When the results of a sample do not accurately reflect the results you would get from the entire group, the inconsistency is known as a sampling error.
There are two main contributors to sampling errors:
- Sample size
- Variation in the overall population
The larger your sample size, the greater the likelihood that the sample accurately reflects the entire group as a whole (assuming the sample is scientifically designed and random). A group of 100 customers will more accurately reflect your entire customer base of 1,000 customers than a group of 10 customers would. The larger your sample, the more accurate your results are inclined to be.
The more variation your overall population has, the higher your chances of sampling error. That’s because you have a higher chance of ending up with a group that is not representative of the overall average of the group.
If you had a customer base of 100 customers, for instance, and 80 percent of them spent the overall average amount of $10 per purchase, you could choose a smaller sample and be confident in your results.

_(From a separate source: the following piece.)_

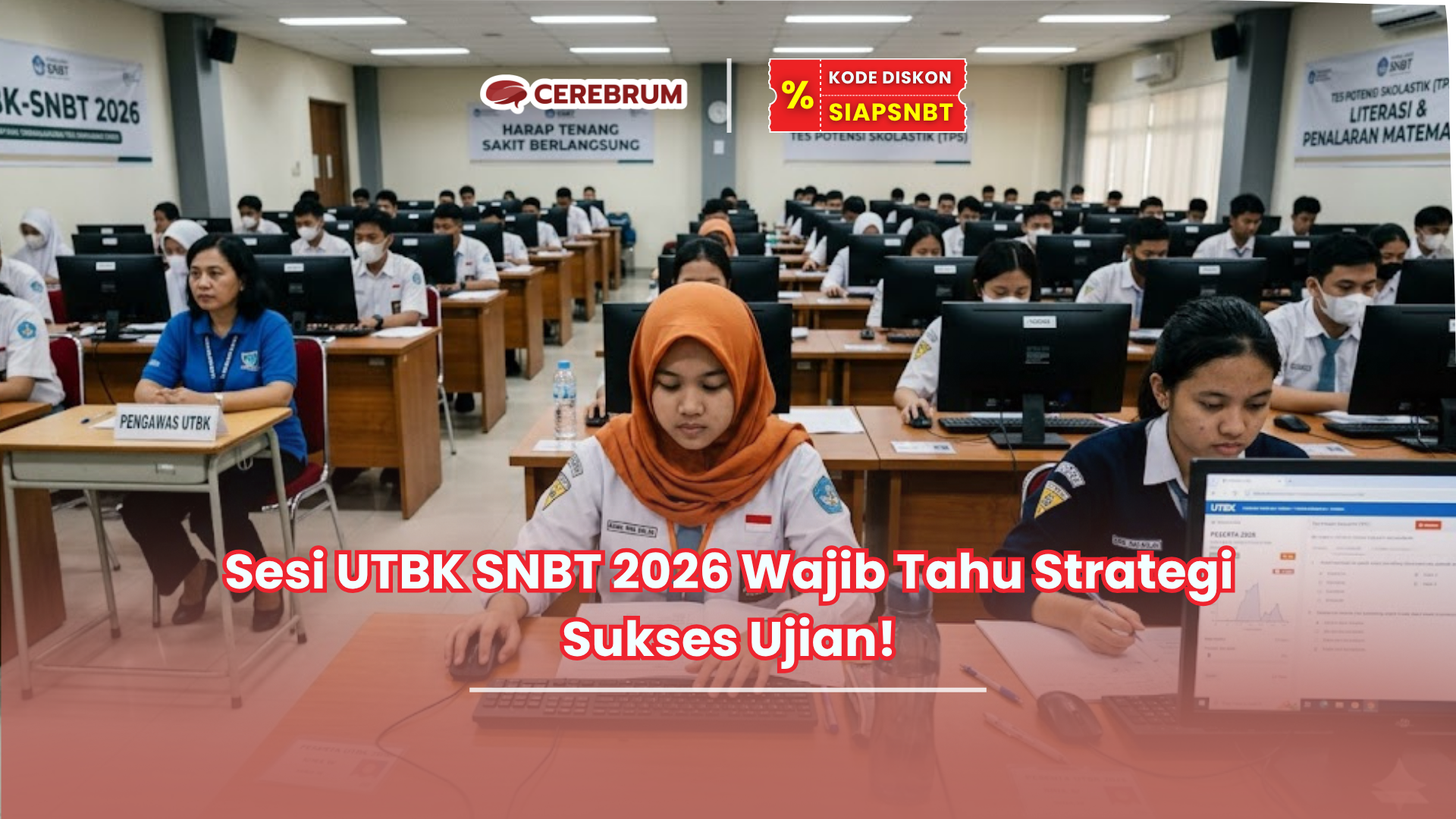 Sesi UTBK SNBT 2026 Wajib Tahu Strategi Sukses Ujian!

But if only 20 percent of your group of 100 spent the overall average of $10 per purchase, a smaller sample would be more prone to sampling error. The overall average spend may still be $10 per purchase, but you would have a greater number of people who spend significantly more or significantly less than the average.

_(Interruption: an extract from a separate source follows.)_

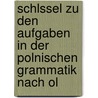 Schlssel Zu Den Aufgaben in Der Polnischen Grammatik Nach Ol door Moritz Joel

Choosing a sample from the latter population would increase the likelihood of sampling error because you may end up with an unbalanced sample of people who spent significantly more or less than the average.
Evaluating Statistical Significance
Verifying the accuracy of your results can be done by evaluating, or testing for statistical significance. This process involves several steps. The first is to establish a null hypothesis, or something you’re trying to disprove, along with an alternate hypothesis, or something you’re trying to prove. For example, in our new product launch case the null and alternative hypotheses are as follows:
- Null hypothesis (Ho): Consumers aged 18-30 spend exactly as much as consumers aged 30+ on the new product
- Alternate hypothesis (Ha): Consumers aged 18-30 spend a different amount on the new product
Once you establish a null hypothesis and alternate hypothesis, you can then move forward to determine the calculated probability, or “p-value.” The p-value expresses the likelihood of the null hypothesis being true or false.
- Small p-values show strong evidence the null hypothesis is NOT true, or can be rejected, meaning the observed results are statistically significant. The typical p-value range here is 0.05 or less.
- Larger p-values denote the statistical evidence is too weak to reject the null hypothesis, meaning that the null hypothesis is more likely to be true and the observed results are NOT statistically significant. P-values greater than 0.05 typically fall into this category.
While the typical p-value cut-off is 0.05 for the 95% confidence level, you can adjust the value to align with your specific survey or experiment. Other typical p value cut-offs are 0.1 at the 90% confidence level or 0.01 at the 99% confidence level.
Statistical Significance Dos and Don’ts
Because good survey analysis software calculates statistical significance for you, it’s not necessary for company managers and executives to deep dive into all the details. It is important, however, to have an overall understanding of statistical significance so it’s not misused or misconstrued. A few do’s and don’ts include the following:
- Do be wary of using the word “significant” with data findings unless you are actually discussing the statistical significance. Find other language to express importance or relevance in other scenarios.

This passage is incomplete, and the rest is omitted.